Here are some concrete examples

The third is the open source distributed transaction framework. There are mainly two kinds of OMID and Percolator, and what they have in common is two-phase distribution. The difference is that OMID has a global transaction that controls concurrency and which transaction should be rolled back. Percolator mainly uses the technology of Basebase coprocessor, which is difficult to practice.

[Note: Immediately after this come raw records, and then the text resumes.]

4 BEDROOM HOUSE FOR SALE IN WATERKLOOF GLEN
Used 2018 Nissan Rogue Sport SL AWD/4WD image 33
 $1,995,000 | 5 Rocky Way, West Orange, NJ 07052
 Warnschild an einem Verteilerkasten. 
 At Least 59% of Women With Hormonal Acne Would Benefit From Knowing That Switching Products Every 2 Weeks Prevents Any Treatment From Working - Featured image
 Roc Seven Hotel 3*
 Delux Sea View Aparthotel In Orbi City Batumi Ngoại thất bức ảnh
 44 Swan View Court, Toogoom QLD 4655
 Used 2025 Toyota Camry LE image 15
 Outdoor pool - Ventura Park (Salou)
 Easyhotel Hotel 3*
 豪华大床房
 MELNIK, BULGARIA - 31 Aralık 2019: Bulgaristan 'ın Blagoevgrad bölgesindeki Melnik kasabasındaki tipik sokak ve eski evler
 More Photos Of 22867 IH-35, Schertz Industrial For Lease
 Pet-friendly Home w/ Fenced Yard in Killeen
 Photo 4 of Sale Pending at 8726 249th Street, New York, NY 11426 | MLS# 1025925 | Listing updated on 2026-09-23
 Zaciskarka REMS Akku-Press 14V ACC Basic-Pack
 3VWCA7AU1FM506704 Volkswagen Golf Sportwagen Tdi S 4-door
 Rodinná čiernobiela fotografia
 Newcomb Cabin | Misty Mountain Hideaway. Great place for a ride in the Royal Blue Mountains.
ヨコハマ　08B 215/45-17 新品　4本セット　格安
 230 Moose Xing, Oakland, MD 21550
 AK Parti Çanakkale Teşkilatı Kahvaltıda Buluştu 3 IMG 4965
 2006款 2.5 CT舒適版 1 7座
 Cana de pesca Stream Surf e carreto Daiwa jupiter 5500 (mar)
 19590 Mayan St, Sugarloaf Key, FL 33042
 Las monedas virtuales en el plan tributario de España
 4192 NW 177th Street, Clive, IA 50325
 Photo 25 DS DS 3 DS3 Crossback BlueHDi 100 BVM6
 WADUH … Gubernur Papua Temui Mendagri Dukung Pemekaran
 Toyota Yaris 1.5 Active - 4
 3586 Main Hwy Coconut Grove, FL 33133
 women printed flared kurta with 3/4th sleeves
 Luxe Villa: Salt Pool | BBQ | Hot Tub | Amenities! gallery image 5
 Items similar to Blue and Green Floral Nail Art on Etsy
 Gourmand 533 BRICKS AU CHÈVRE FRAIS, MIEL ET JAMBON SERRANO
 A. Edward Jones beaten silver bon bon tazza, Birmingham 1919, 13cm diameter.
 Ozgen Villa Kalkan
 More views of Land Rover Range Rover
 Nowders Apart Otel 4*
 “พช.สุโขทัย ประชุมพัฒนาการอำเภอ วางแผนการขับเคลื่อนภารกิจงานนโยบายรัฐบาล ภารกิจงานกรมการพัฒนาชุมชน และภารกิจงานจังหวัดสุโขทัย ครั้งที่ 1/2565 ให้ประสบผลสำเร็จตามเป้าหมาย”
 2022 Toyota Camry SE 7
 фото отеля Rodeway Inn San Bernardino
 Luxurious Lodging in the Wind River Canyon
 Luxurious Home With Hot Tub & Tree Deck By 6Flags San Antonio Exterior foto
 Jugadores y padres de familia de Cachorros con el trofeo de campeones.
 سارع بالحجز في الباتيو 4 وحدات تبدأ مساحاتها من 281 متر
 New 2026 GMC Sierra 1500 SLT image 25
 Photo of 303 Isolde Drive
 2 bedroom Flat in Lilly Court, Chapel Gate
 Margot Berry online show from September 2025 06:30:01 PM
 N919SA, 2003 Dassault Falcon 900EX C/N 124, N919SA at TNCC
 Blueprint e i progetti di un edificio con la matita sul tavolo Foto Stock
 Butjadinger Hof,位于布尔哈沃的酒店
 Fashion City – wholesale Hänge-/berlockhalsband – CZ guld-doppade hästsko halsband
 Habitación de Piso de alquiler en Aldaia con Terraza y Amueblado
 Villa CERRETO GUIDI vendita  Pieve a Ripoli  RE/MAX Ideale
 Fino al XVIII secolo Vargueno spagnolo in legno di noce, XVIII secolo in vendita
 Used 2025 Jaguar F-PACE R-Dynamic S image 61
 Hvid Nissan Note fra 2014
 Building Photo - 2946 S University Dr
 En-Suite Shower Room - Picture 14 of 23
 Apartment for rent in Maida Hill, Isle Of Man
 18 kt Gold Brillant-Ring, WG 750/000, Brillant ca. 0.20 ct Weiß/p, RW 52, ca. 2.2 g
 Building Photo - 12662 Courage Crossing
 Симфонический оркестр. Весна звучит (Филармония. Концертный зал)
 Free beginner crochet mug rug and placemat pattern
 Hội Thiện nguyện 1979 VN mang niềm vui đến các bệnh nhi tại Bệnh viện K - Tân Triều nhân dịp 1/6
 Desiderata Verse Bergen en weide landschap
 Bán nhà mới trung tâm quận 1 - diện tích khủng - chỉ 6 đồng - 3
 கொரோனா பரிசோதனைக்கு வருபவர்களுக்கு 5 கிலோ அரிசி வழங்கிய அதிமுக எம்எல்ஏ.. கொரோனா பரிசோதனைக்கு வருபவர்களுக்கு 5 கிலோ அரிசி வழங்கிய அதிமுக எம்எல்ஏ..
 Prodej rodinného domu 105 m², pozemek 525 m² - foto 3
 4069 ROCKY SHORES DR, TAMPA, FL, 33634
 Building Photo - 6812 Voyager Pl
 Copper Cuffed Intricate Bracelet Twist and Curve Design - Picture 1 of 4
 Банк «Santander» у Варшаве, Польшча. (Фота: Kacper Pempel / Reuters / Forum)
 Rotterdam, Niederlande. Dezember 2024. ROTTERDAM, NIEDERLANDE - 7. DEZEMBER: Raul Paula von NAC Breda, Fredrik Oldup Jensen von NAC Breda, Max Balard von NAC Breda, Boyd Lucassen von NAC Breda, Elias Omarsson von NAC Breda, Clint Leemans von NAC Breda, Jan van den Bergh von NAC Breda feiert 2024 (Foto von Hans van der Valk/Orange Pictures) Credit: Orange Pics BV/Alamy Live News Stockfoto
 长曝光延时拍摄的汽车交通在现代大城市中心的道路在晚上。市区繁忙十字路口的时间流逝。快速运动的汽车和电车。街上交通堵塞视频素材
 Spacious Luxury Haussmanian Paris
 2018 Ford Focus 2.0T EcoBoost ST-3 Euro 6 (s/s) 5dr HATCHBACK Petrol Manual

The above picture shows the application of the coprocessor. The first one is Phoenix, which supports sql and secondary index, and is implemented through Coprocessor, but it is unstable, and a large amount of data can easily cause HBase to crash. The second Coprocessor implementation uses Observer to write the index table before writing the main table, and finally the time library table, which is designed as a monthly or daily table, and does not use copy historical data when creating a new index.

HBase has the function of copying, but it is found to be unstable in the process of using it. We later realized the double-write function through the application.

The above figure shows the isolation scheme supported by HBase and Hadoop. Although the isolation can be achieved to a certain extent, the isolation is not complete, the coupling is strong, and the positioning problem is complex, which still cannot achieve business isolation.

Finally, talk about the goal and direction of the database. Whether it is traditional relational database or distributed database, the direction of efforts is to provide data services with high availability, high performance, high concurrency, easy to use and easy to expand. At present, there are many databases on the market, but there are always a few features of all databases that are more or less unsatisfactory, so there is no unified database, which leads to the situation of letting a hundred flowers blossom in database applications. this is also the direction and motivation of each database team.

Welcome to subscribe "Shulou Technology Information " to get latest news, interesting things and hot topics in the IT industry, and controls the hottest and latest Internet news, technology news and IT industry trends.

*The comments in the above article only represent the author's personal views and do not represent the views and positions of this website. If you have more insights, please feel free to contribute and share.